Université et établissements scolaires, par crainte de manifestations incontrôlables, ont été fermés pendant plusieurs semaines. Les Américains ont fait évacuer leurs ressortissants et les Français pendant plusieurs jours, à l’invitation des représentants diplomatiques, se sont réfugiés dans le campus de leur ambassade. Si dans la capitale on ne nota aucun incident que la presse nationale ait jugé bon de relever, il n’en a pas été de même à Nouadhibou où l’église catholique a été saccagée et à Atar où trois religieuses européennes auraient été molestées (cf. Mauritanie Demain de février 1991). Pourquoi la Mauritanie s’est-elle donc sentie à ce point concernée par la seconde guerre du Golfe ? En fait tout ce qui touche à l’Irak fait ici sens avec les débats politiques intérieurs. Comment expliquer cette situation originale compte tenu de l’éloignement géographique des deux pays ? Par quel processus et en quel sens la « question irakienne » est-elle devenue une question mauritanienne ? Comment le régime militaire est-il sorti de cette impasse dans laquelle il s’est lui-même mis ? En fait l’issue de la guerre du Golfe a eu de multiples effets politiques et économiques et a été l’occasion de révisions déchirantes mais opportunes en permettant au régime de se lancer dans une opération de démocratisation. D’autres éléments ont certainement influé sur ces décisions comme la situation économique intérieure (mais peut-on pour un pays comme la Mauritanie l’isoler des relations économiques internationales et notamment de l’aide séoudienne et koweïtienne jusqu’alors perçue ?) et l’effondrement des régimes autoritaires africains voisins, notamment au Mali. On s’interrogera cependant sur la nature et, au-delà des mots et pour autant qu’on ait aujourd’hui suffisamment de recul pour l’apprécier, la profondeur du changement démocratique engagé dans des circonstances au total bien singulières.

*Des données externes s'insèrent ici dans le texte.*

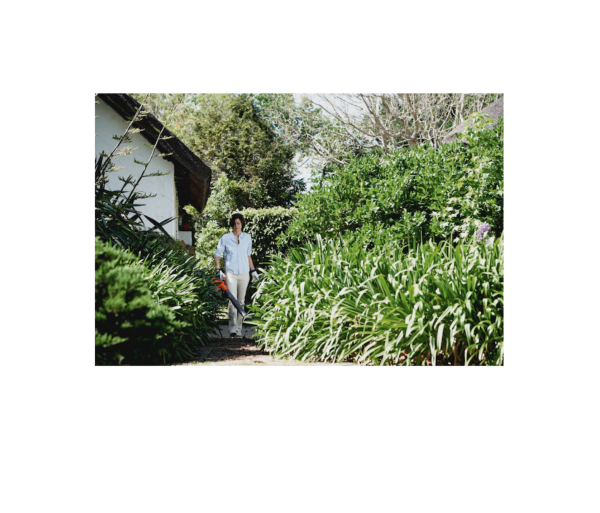 125BVX 28-cc 2-Cycle 170-MPH 470-CFM Handheld Gas Leaf Blower with Vacuum Kit (952711902)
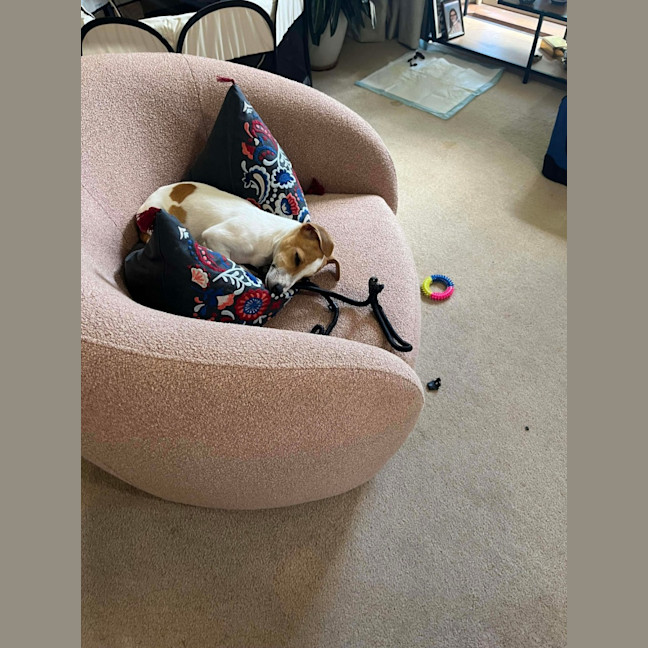 Photo of Tiny Teddy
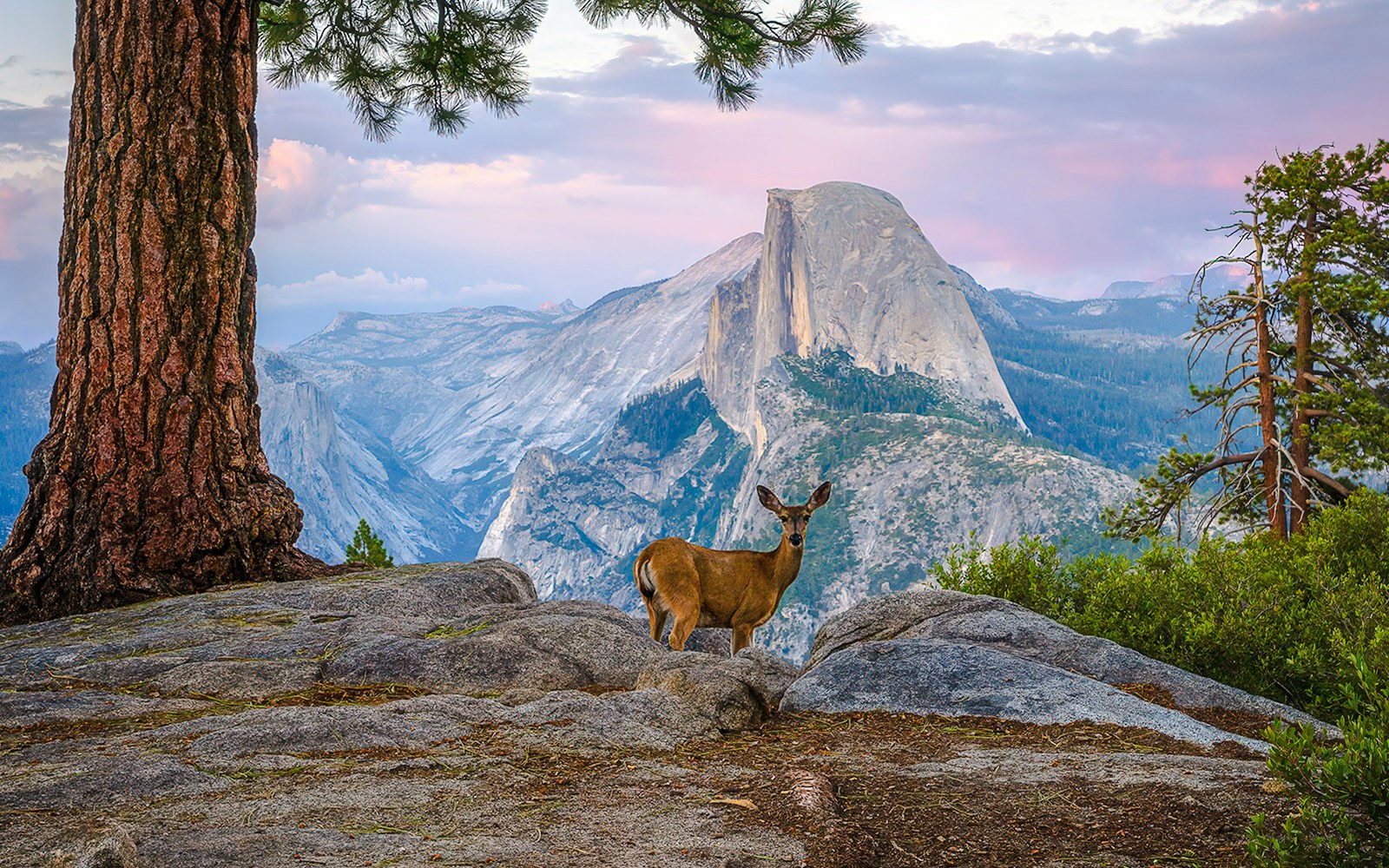 Deer standing on rocky terrain with Half Dome in the background at sunset, Yosemite National Park.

1ère partie: La Mauritanie à l’épreuve de la Guerre du Golfe : un pouvoir entre clientèle baathiste et prudence internationale

La lecture de la presse locale plusieurs mois après les événements permet de saisir sur le vif un état de l’opinion mauritanienne sur la guerre du Golfe et de mesurer alors l’influence du Baath et de Saddam Hussein qualifié par le mensuel Mauritanie Demain d' »arabiseur tout-terrain ». Je prendrai appui ici pour cette brève incursion précisément sur ce mensuel, étant entendu au préalable que cet organe de presse plus qu’il ne reflète l’état de l’opinion publique essaye de la modeler et représente essentiellement le sentiment d’une partie de l’élite politico-intellectuelle maure en général (modérément) critique vis-à-vis du pouvoir.

D’emblée les articles composant le n° de septembre 1990 campent les principaux acteurs du conflit ouvert un mois auparavant. Le portrait dressé de Saddam Hussein est significatif :

« Un homme de poigne, un homme qui croit fermement à des principes tels que l’Unité Arabe, la Dignité Arabe, un homme capable d’enthousiasme, de haine, mais aussi de calculs savants. (…) De Nouakchott à Aden, il est l’idole des foules, car il représente l’Histoire, celle de Salah Din et de Nasser, pas celle de l’humiliation, de la colonisation, du sionisme et de Sadatt. Saddam Hussein est, comme le dit Béchir Ben Yahmed, le seul chef d’Etat arabe qui a une colonne vertébrale. Lui au moins a une vision de l’histoire. » (M’bareck O. Beyrouk)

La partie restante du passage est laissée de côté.